High prices at the pump have American drivers opening their minds and wallets to alternative-powered vehicles. But, as new options become available, conflicting reports of their safety and practicality leave many consumers with more questions than answers. Matthew Doude, a research associate at Mississippi State University’s Center for Advanced Vehicular Systems, explains what consumers should understand to get the most vroom for their bucks.

A six-year participant in the General Motors and the Department of Energy series of advanced vehicle design competitions, Doude led a Mississippi State team in the development of a plug-in hybrid SUV that earns 118 mpg and has a 60-mile all electric range. He currently serves as the team’s staff adviser.

Q: What is the difference between hybrid and electric vehicles?

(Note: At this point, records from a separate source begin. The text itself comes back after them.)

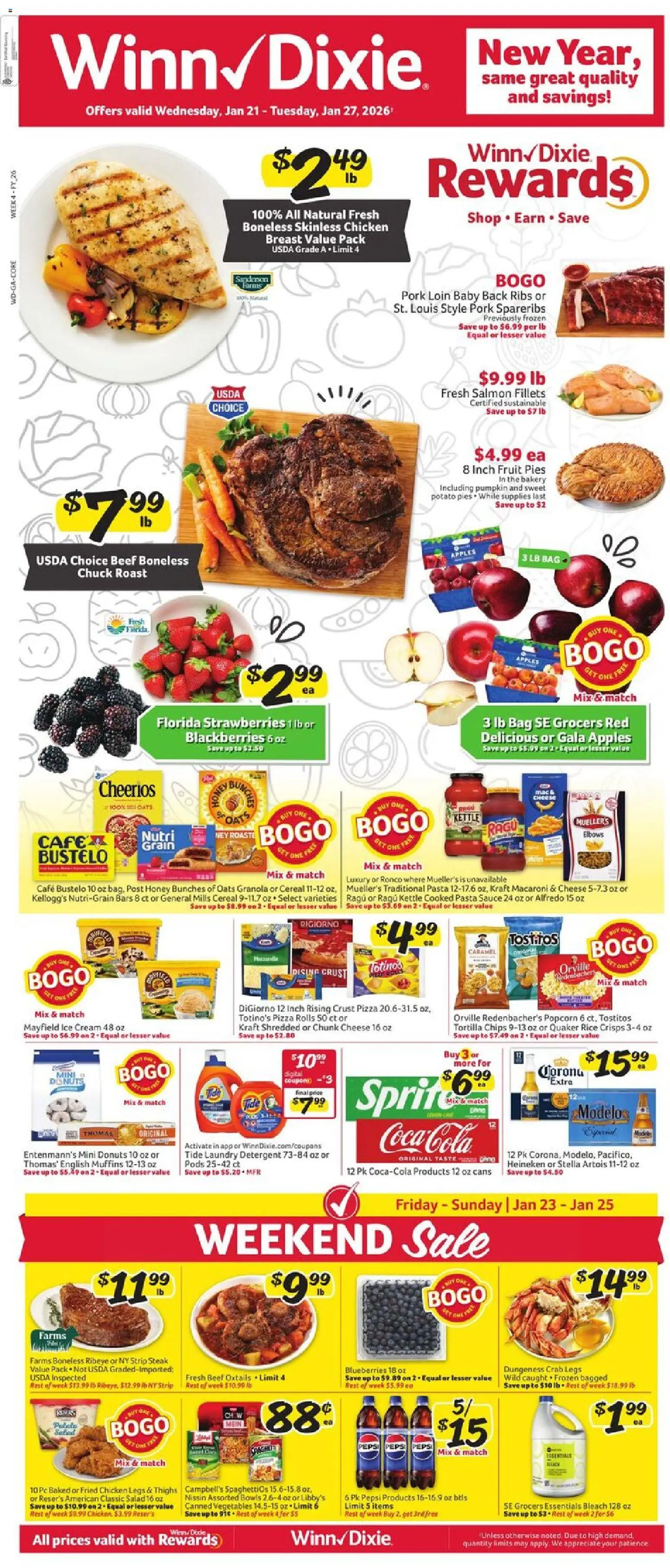 Winn Dixie Weekly Circular - GA - valid from 21.01.2026 | Page: 1 | Products: Cheese, Rice, Vegetables, Pc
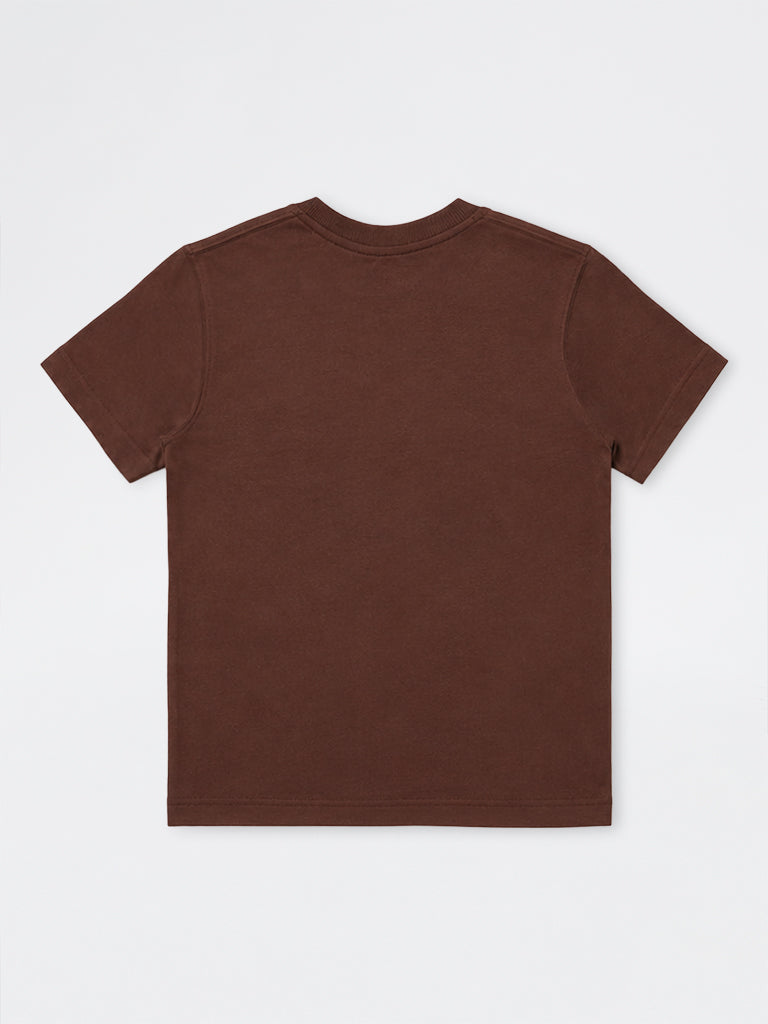 Boys Brown Graphic Printed Cotton T-Shirt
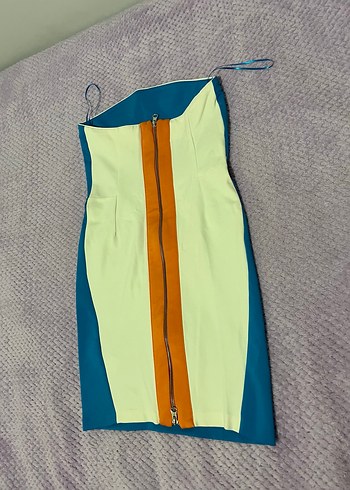 Straplez Mini Elbise - Görsel 3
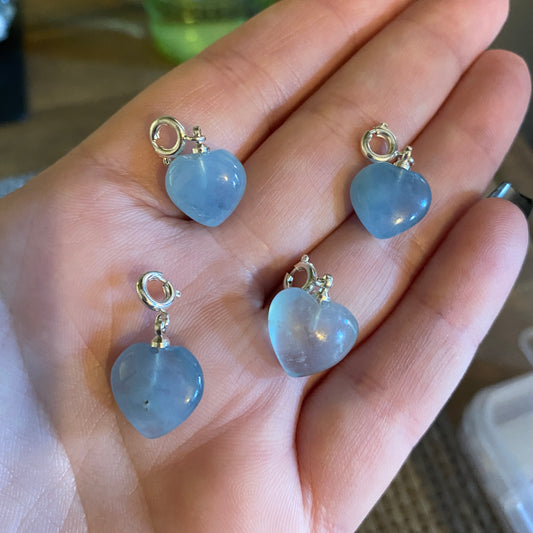 Aquamarine Heart Charms - Earth Elements UK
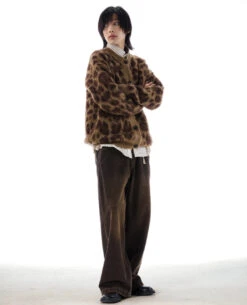 Animal Print Ribbed Trim Fuzzy Cardigan -Modern Wear Shop cec186b99466da03b6c9b23b633610ae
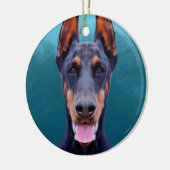 Doberman hondenportret keramisch ornament (Links)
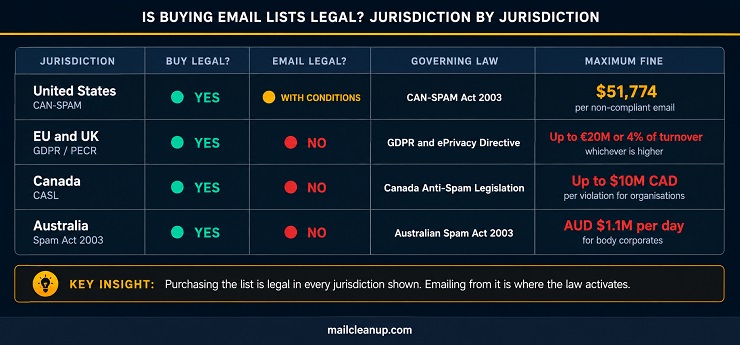 Buying Email Lists Legal Jurisdiction Comparison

A: A hybrid uses two sources of power for propulsion, such as gasoline and the electricity it generates on board. Advanced systems, like regenerative braking or idle-off, let it use gasoline more efficiently than a standard car. An electric vehicle uses only one power source, electricity. There is an in between category called plug-in hybrids, which can either take gasoline or plug into the wall to receive electricity. These cars operate like an electric car at first and like a hybrid once the electric charge wears down.

Q: Of the different types commercially available, which do you think is most practical?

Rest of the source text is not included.